The Drive to Succeed
It was a milestone victory. On October 26, 2013, Darrell Wallace Jr., 20, was the first to cross the finish line in NASCAR's Camping World Truck Series Kroger 200, at Martinsville Speedway, in Virginia. The win made Wallace the second African-American driver in the history of NASCAR to win a race at the sport's top level. NASCAR's Brian France called Wallace's win a "remarkable moment in our sport's history."
A Life Behind the Wheel
Darrell Wallace Jr. was born October 8, 1993, in Mobile, Alabama. His nickname is Bubba. "My sister started calling me that two days after I was born," Wallace said in a 2012 NASCAR press conference. "It kind of stuck." He got his start in NASCAR through the organization's Drive for Diversity program. It was created to attract more women and nonwhite drivers and crew members to NASCAR events.
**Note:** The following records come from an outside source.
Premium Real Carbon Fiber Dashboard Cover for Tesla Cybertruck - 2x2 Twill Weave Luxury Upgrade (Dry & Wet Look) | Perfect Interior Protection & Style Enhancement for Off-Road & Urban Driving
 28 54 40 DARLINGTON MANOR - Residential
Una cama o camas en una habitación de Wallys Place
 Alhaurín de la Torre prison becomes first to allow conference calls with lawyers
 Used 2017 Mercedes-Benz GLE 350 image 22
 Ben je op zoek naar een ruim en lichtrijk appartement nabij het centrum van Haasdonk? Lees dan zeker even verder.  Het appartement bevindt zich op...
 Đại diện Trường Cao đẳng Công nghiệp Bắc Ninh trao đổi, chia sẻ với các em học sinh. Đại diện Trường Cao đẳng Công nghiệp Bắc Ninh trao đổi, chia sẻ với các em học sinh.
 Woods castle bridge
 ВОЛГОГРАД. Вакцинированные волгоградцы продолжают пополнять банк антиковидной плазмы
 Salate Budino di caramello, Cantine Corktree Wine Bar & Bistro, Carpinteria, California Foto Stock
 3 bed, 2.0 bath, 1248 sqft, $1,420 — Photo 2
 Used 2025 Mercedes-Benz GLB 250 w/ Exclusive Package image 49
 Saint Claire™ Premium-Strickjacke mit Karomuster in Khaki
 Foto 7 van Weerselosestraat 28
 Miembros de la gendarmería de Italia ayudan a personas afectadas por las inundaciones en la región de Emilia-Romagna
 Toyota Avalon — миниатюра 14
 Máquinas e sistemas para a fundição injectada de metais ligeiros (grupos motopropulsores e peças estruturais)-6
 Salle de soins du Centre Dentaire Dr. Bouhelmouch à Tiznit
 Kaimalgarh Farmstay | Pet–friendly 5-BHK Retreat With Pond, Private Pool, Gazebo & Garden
Before Wallace's 2013 win, the only other black driver to win at NASCAR was Wendell Scott, in 1963. Unlike Wallace, however, Scott was not allowed to celebrate in the victory lane. Scott's sons, Wendell Scott Jr. and Franklin Scott, were in the stands when Wallace won last year. They say their father, who died in 1990, would be proud of Wallace's accomplishment. "When the checkered flag dropped, I heard a big boom from heaven," Franklin Scott said after the race.
Find Something You Love
Only a couple of years out of high school himself, Wallace offered advice to a group of students before his historic win. "Find something you love to do in life," he told them. "If you don't love it, find something else. Work hard for what you love."